Ich betrachte meine Bilder von Köpfen und Gesichtern als Befragungen, als Untersuchungen zum Wesen des Menschen, als ein nie endendes lautstarkes Experiment im Dschungel der medialen Bilderfluten. Dabei gehe ich manchmal zugegeben drastisch vor. Ich komme schließlich von der Satire. Eines ihrer Werkzeuge ist die Übertreibung, mit deren Hilfe sie den Dingen auf den Grund gehen will. Noch nie hat sich jemand von mir freiwillig portraitieren lassen. Im Vergleich zur Fotografie besitzt der Zeichenstift wesentlich mehr Freiheiten, besonders die, gnadenlos vorzugehen. Die seltenen Portraitaufträge, die ich hatte, waren immer von Leuten, die einen sogenannten Freund ärgern wollten. Alle erkennen ihn in der Zeichnung, nur er selbst nicht. Weil er wie jeder von uns ein geschöntes Bild seiner selber in sich pflegt. Bei einer solchen Gelegenheit sagte die Frau eines von mir Gezeichneten zu ihm: Ich habe es immer gewusst: Du hast Hängebacken!

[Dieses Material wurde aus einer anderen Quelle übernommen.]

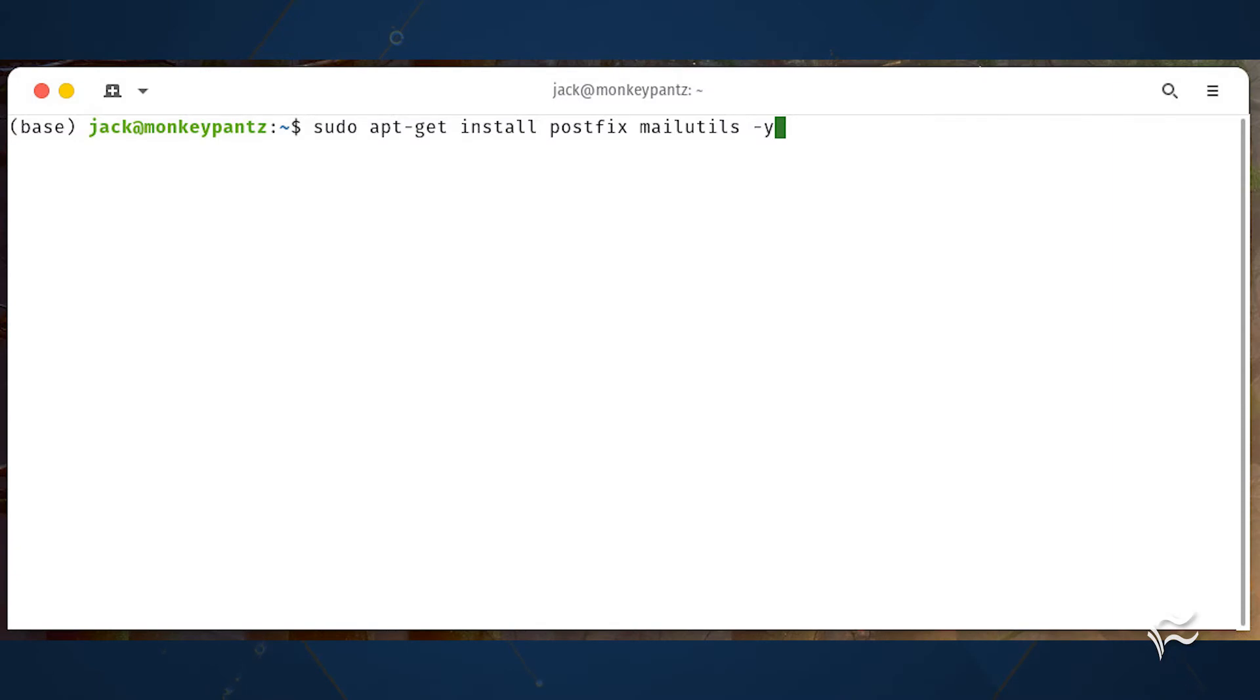The first thing to do is install the necessary dependencies. For that, log into your server and issue the command sudo apt-get install postfix mailutils -y.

Ich gehe davon aus, dass jedes öffentliche Gesicht eine Schutzlüge ist, hinter der der eigentliche Mensch in seiner ganzen komplexen Schönheit hockt. Das Lügen beginnt schon beim Blick in den Spiegel, in das eigene Gesicht also. Der Spiegel flüstert mir zu: Du bist der/die Schönste, oder: Geht doch! Oder: So schlimm ist es auch wieder nicht! Oder je nach Tagesform auch: Vergiss es! Selten durchdringt dieser Blick die glatte Oberfläche des Spiegels. Oder anders: Das Gesicht ist in der Regel ein geschlossenes Buch. Man sieht nur das Cover, den Schutzumschlag. Beim Zeichnen gilt es, das Buch zu öffnen und darin zu lesen.

In ganz seltenen Momenten fällt diese Maske, und zwar in Momenten der Krise. Dazu gehört auch das Lachen, denn hinter jedem Witz und jeder komischen Situation steckt ein Drama. Ein Beispiel: Wir gehen mit einer Gruppe von Freunden in ein Restaurant zum Essen. Paul bestellt sich eine Portion Sülze mit Kartoffelsalat und Remouladensoße. Herzhaft drückt Paul die Gabel in die Sülze. Diese befand sich in der Gegend am unteren Rand des Tellers. Dieser untere Rand ragte wegen Platzmangels ein Stück über den Tischrand hinaus. Bei dieser Aktion verliert der Teller sein Übergewicht und klappt in einem einzigen schnellen Schwung komplett mit der Speise zuerst auf Pauls Hose. Das war für alle beteiligten Gesichter der Moment der Wahrheit: Hier entgleisten die Gesichtszüge, hier platzten die Masken, bei Paul aus Wut und Ärger, bei uns im herzhaften Lachen. Das alles ging zu schnell, um die gewohnte Ordnung der Gesichtszüge im Zaum zu halten.

Gibt es ein treffenderes Bild als dieses: Züge im Gesicht, die auf eisernen Gleisen montiert sind, je nach Anlass und Bedarf auf festgelegten Spuren ins Rollen gebracht, auf Verschiebebahnhöfen umgelenkt oder stillgelegt werden? Es ist ein wunderbares Abenteuer, dieses Schienennetz beim Zeichnen aufzulösen und dabei im Glücksfall Facetten der dahinter verborgenen Persönlichkeit aufzudecken. Würde ich dabei völlig willkürlich vorgehen, wäre das Gesicht entstellt und nicht mehr zu erkennen. Das Problem besteht darin, durch Auflösen und neu Montieren das Eigentliche, das Typische herauszuarbeiten. Und das ist, so komme ich auf den Anfang zurück, wirklich nicht einfach.

Wie oft wurde mir vorgeworfen, so entstellte Portraits zu malen, so schräge Köpfe, so schreckliche Augen, so hässlich und gemein. Ob ich die Menschen hassen würde? Nein, sage ich, es ist die reine Liebe. Und die tut manchmal weh.